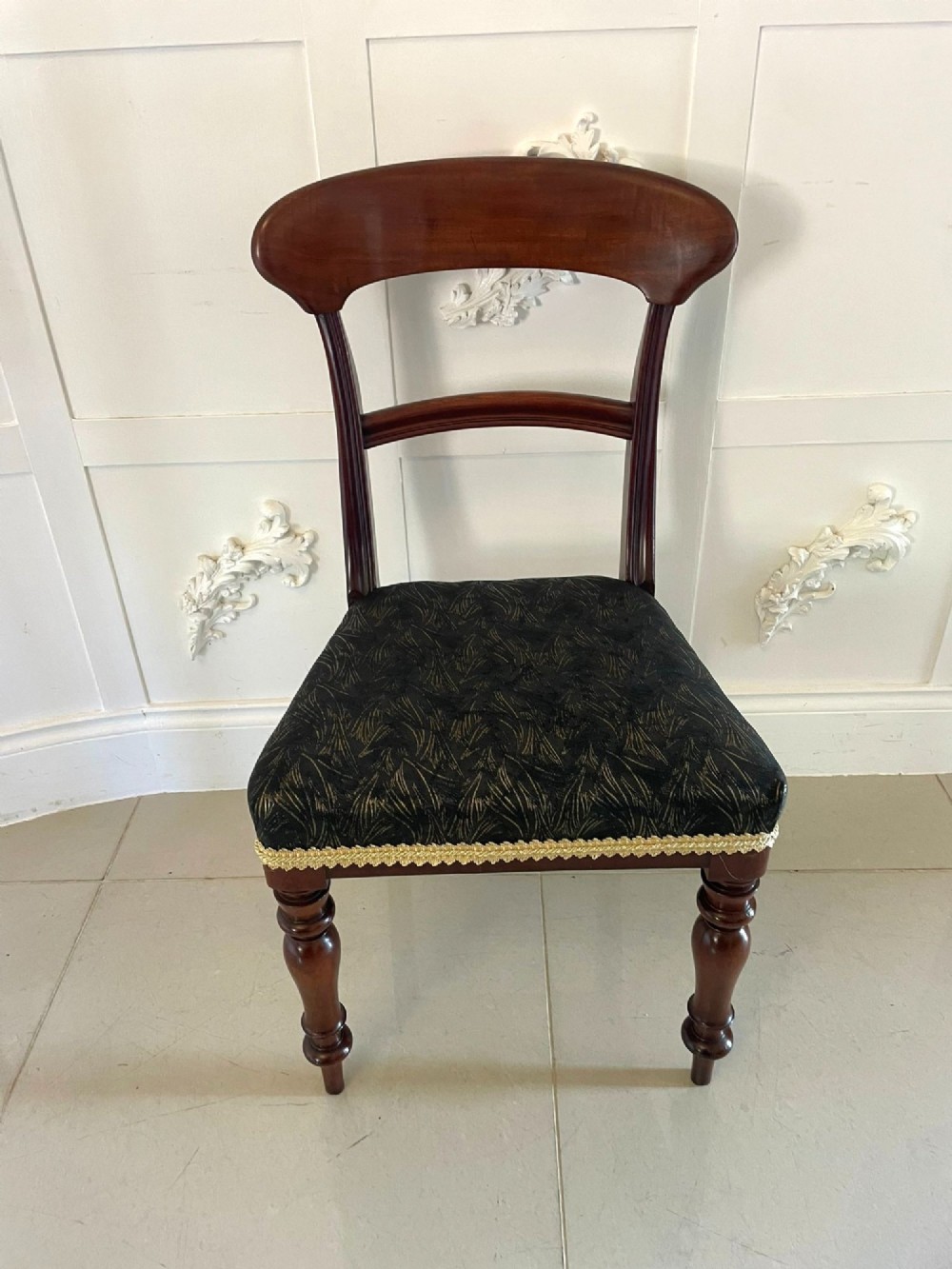 A set of ten Victorian mahogany dining chairs with curved crest rails, turned front legs, and dark pattern upholstered seats. View VIII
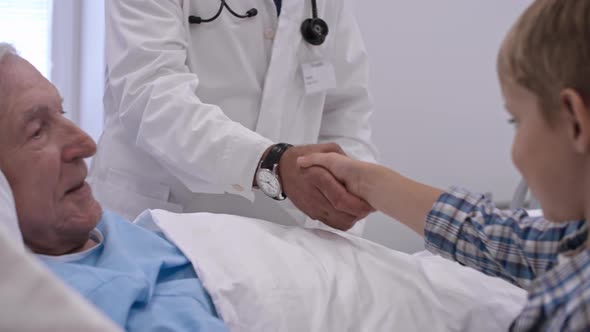 Doctor Shaking Hands with Little Grandson of Patient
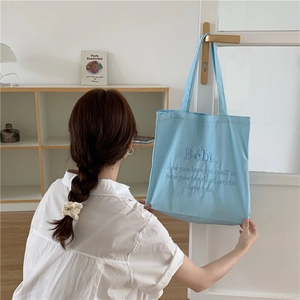 Detail einer hellblauen Canvas-Tasche mit Bébé-Stickerei am Türgriff aufgehängt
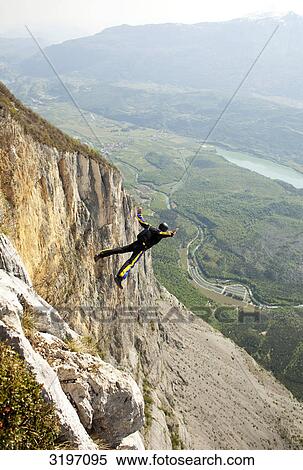 BASE jumper free falling, Arco, Monte Brento, Italy View Large Photo Image Stock Photography - BASE jumper free falling, Arco, Monte Brento, Italy . Fotosearch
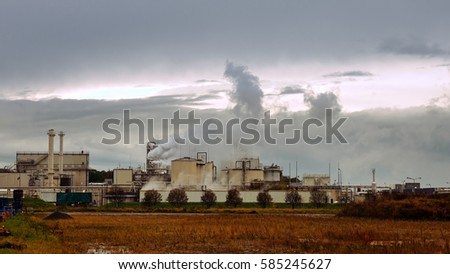 Factory smoke stack and pipes puff into air. Atmospheric air pollution industrial scene. Non-ecological and non-sustainable manufacturing.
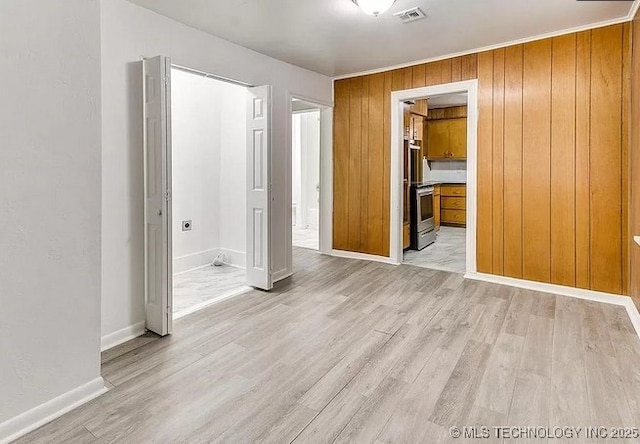 interior space featuring wooden walls and light hardwood / wood-style floors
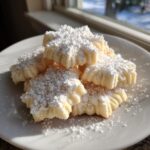 A stack of light, star-shaped whipped shortbread cookies heavily dusted with powdered sugar on a white plate.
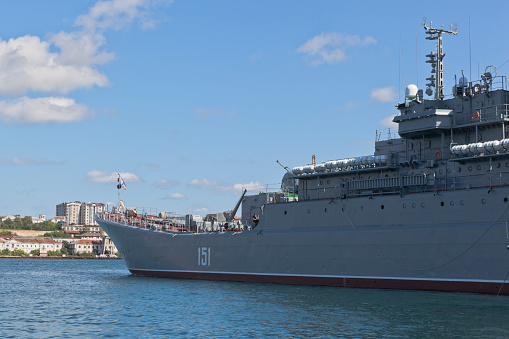 Navy frigate moored at naval dockyard.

• [TASK STATEMENT] Copy, exactly and exclusively, the lines beginning with the one that contains "Factory smoke stack" and ending with the last line of the listing; pictures are to be omitted.

• [EXERCISE SOLUTION]
 Factory smoke stack and pipes puff into air. Atmospheric air pollution industrial scene. Non-ecological and non-sustainable manufacturing.
 interior space featuring wooden walls and light hardwood / wood-style floors
 A stack of light, star-shaped whipped shortbread cookies heavily dusted with powdered sugar on a white plate.
 Navy frigate moored at naval dockyard.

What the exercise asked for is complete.